The Meaning Of A 404 Response Code
All codes within the 4xx series of responses mean the request could not be fulfilled because the page was not found.
The official definition is:
4xx (Client Error): The request contains bad syntax or cannot be fulfilled
The 404 response is ambiguous as to whether the webpage might return.
Examples Of Why 404 Page Not Found Happens
- If someone mistakenly deletes a webpage, the server responds with the 404 page not found response.
- If someone links to a non-existent webpage, the server responds that the page was not found (404).
The official documentation is clear about the ambiguity of whether a page is temporarily or permanently gone:
“The 404 (Not Found) status code indicates that the origin server did not find a current representation for the target resource or is not willing to disclose that one exists.
A 404 status code does not indicate whether this lack of representation is temporary or permanent…”
To summarize, the 404 page not found code means there was an error in the browser request because the requested page could not be found.
What Is A Soft 404 Error?
A soft 404 error is not an official status code. The server does not send a soft 404 response to a browser because there is no such thing as a soft 404 status code.
Soft 404 describes a situation when the server presents a webpage and responds with a 200 OK status code, indicating success when the webpage or content is actually missing.
Four Common Reasons For A Soft 404
A webpage is missing, and a server sends 200 OK status.
This kind of soft 404 happens when a page is missing, but the server configuration redirects the missing page to the home page or a custom URL.
The page is gone, but the publisher has done something to fulfill the request for the missing page.
Content is missing or “thin.”
When content is completely missing, or there’s very little of it (a.k.a. thin content), the server will respond with a 200 status code, which means the request for the page was successful.
But for indexing webpages that are not successful webpage requests, search engines call this soft 404s.
The missing page redirects to the home page.

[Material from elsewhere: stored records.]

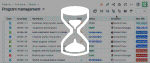 default-hierarchy-v3.gif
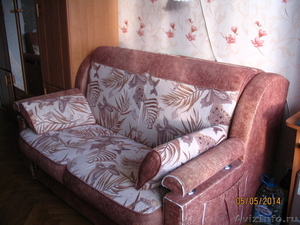 Аренда комнаты для 1 человека в Купчино - Изображение #7, Объявление #1065643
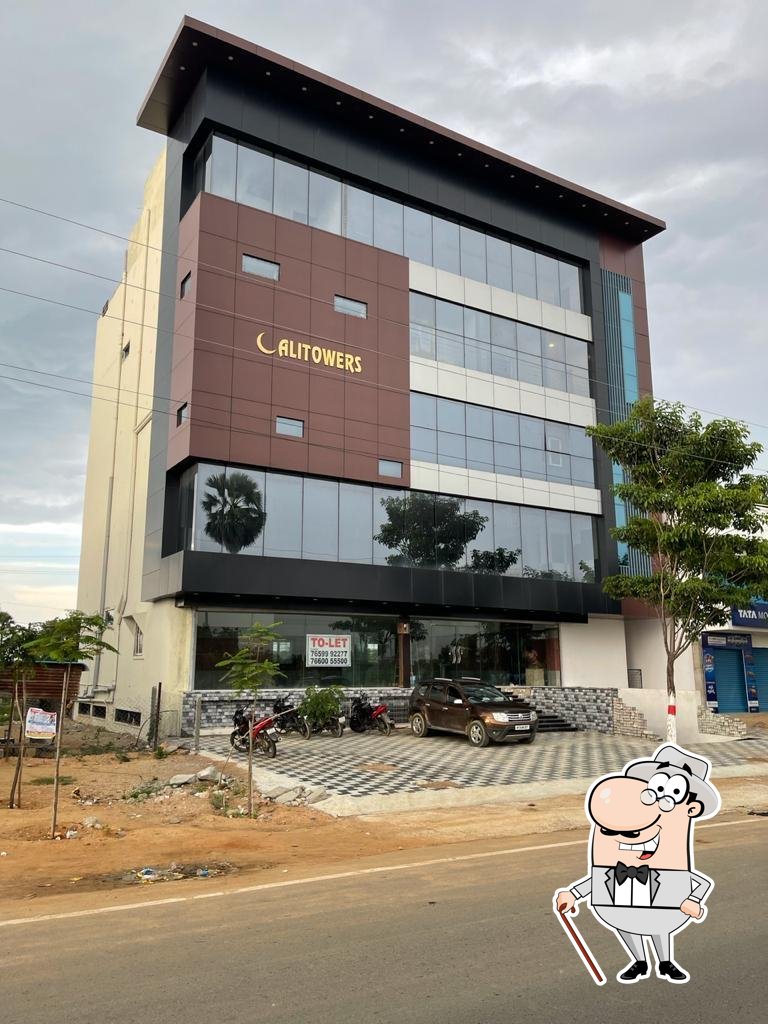 Photo from Google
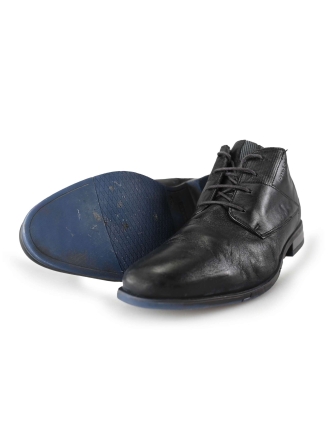 Bugatti Veterschoenen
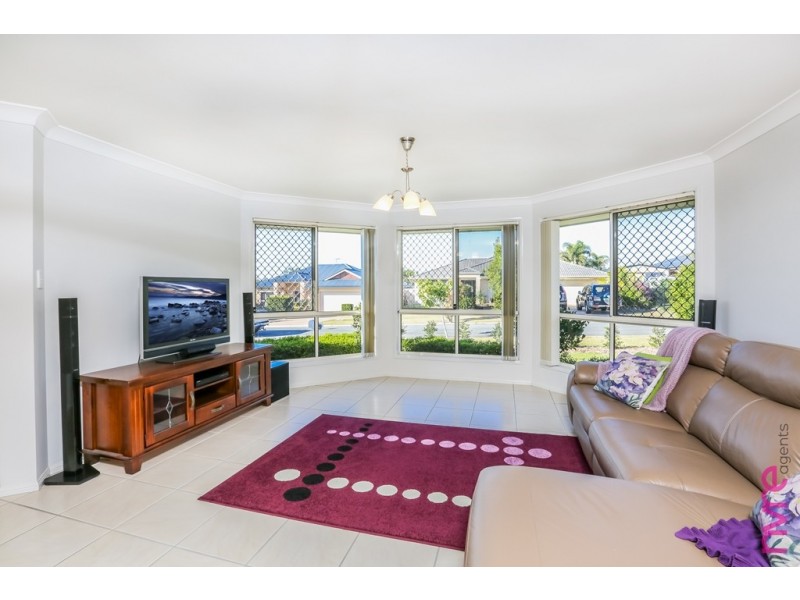 12 Birrabeen Court, Narangba QLD 4504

Some mistakenly believe that there’s something wrong with a 404 error response.
So, to stop the 404 error responses, a publisher may redirect the missing page to the homepage, even though the homepage is not what was requested.

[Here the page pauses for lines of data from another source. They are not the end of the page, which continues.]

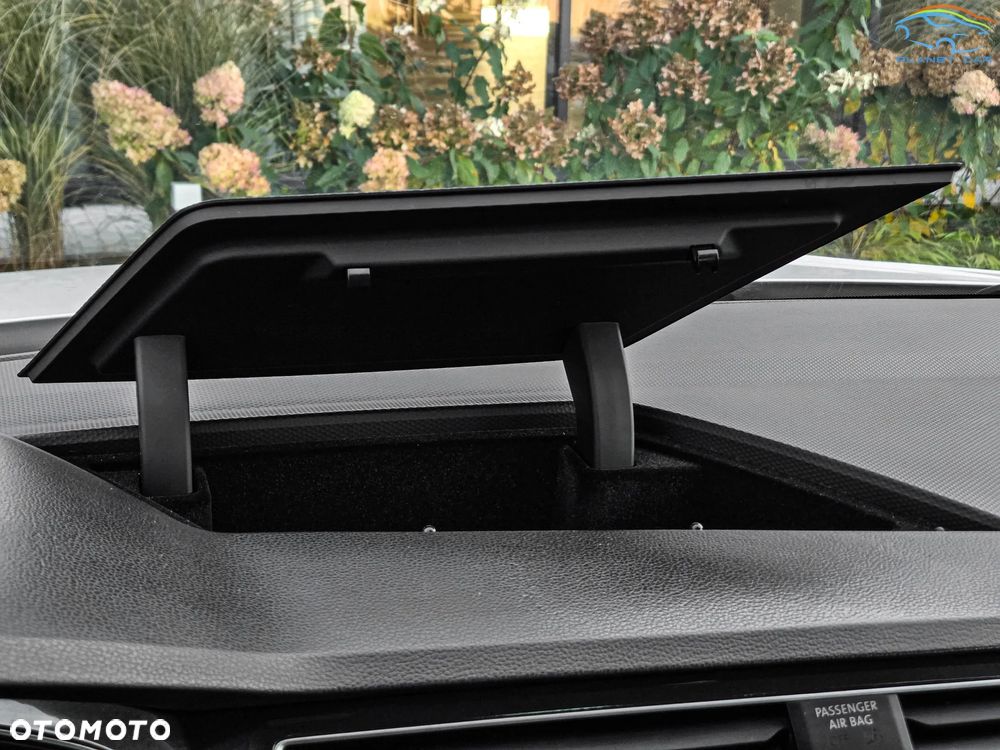 Volkswagen Tiguan 2.0 TDI BMT SCR 4Mot Comfortline DSG - 30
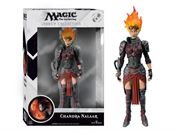 FIGURA CHANDRA NALAAR MAGIC THE GATHERING 15 CM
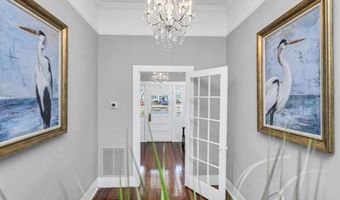 1206 Mill St, Camden, SC 29020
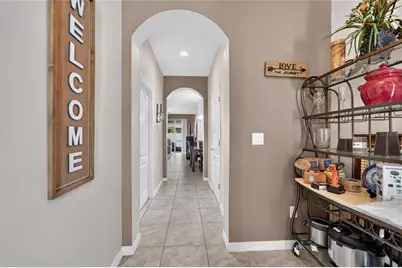 10411 Red Carpet Court, Riverview, FL 33578 - Photo 5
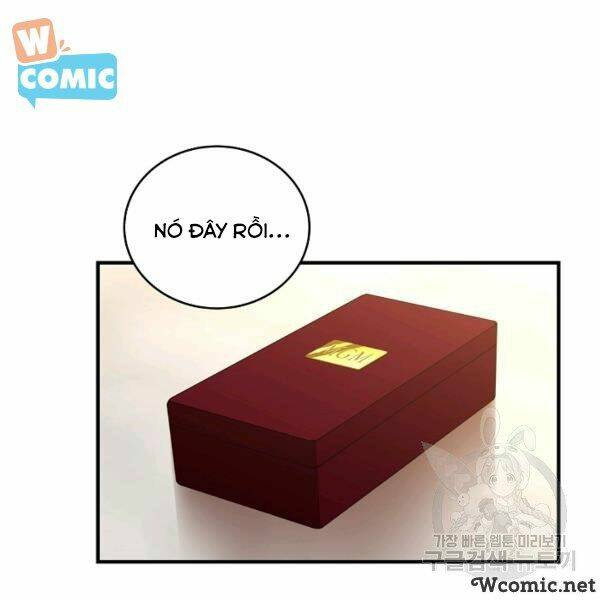 Sự Trở Lại Của Người Chơi Bị Đóng Băng Chapter 34 - Trang 2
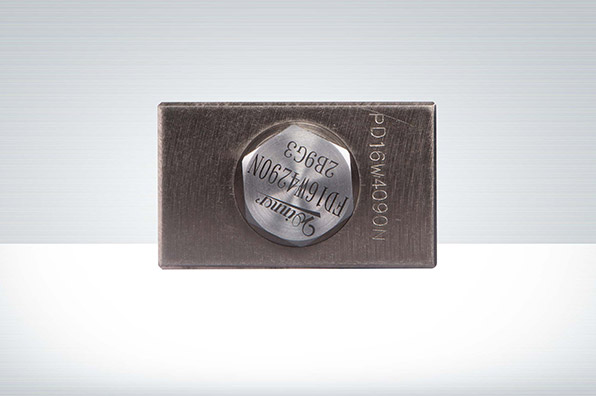 润邦控制组 KZZ-160326-05-RB-1612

Google calls these failed page requests soft 404s.
Missing page redirected to a custom webpage.
Sometimes, missing pages redirect to a custom-made webpage that serves a 200 status code, which results in Google labeling these pages as soft 404s.
Who Invented The Phrase Soft 404?
The concept of a soft 404 may have originated in a 2004 research paper titled, Towards an Understanding of the Web’s Decay (PDF).
The missing pages that are improperly substituted present a problem to search engines that are trying to index real pages.
Here is how the research paper frames soft 404s:
“According to the HTTP protocol when a request is made to a server for a page that is no longer available, the server is supposed to return an error code…
…in fact many servers, including most reputable ones, do not return a 404 code—instead the servers return a substitute page and an OK code (200).
…Our study shows that these type of substitutions, called “soft-404s” account for more than 15% of the dead links.”
Soft 404 Due To Coding Errors
There are cases where the page isn’t missing, but specific problems (like coding errors) have triggered Google to categorize it as a missing page.
Soft 404s are essential to investigate because they could signal broken code.
Typical coding issues:
- Missing file or include that’s supposed to populate a webpage with content.
- Database error.
- Empty search results pages.
404 Errors Have Two Main Causes
- An error in the link directs users to a page that doesn’t exist.
- A link to a page that used to exist but suddenly disappeared.
If the cause of the 404 is a linking error, you have to fix the links.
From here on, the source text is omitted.